この地の防塁は、関ヶ原合戦の前、上杉景勝が徳川家康の軍を迎え撃つために築いたものとされる。

中世の土塁の一部とも考えられるが、会津の向羽黒山城と同様、上杉氏の土塁の特徴である二重土塁である点や、堀幅などについても、上杉氏が築いたものと合致し、中世の館跡を改修 したものとも考えられる。江戸時代の軍記物では、数kmにわたり築かれた長塁と記されているが、現在は、約370m残っているのが見られる。

この長塁は平地に築かれており、一帯は湿地帯だったと思われる。
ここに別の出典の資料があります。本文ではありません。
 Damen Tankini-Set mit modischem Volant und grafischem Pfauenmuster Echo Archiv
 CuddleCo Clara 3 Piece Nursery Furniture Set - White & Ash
上杉勢は北側の丘陵地帯に柵をまわし陣を置き、徳川軍をこの地に誘い込み、この長大な防塁と湿地で足止めし、上杉勢の主力は、西の那須や甲子方面から皮籠原を側面攻撃をする。また東側からは、棚倉町の南館に陣を敷く佐竹勢が攻撃する構想だったと考えられる。

上杉景勝や直江兼続が考えていたこの地での戦いは、徳川勢に痛打を与える野戦であり、篭城戦を戦うような城ではなく、この地が破られた場合は、最終的には向羽黒山城での篭城戦を考えていたものと思われる。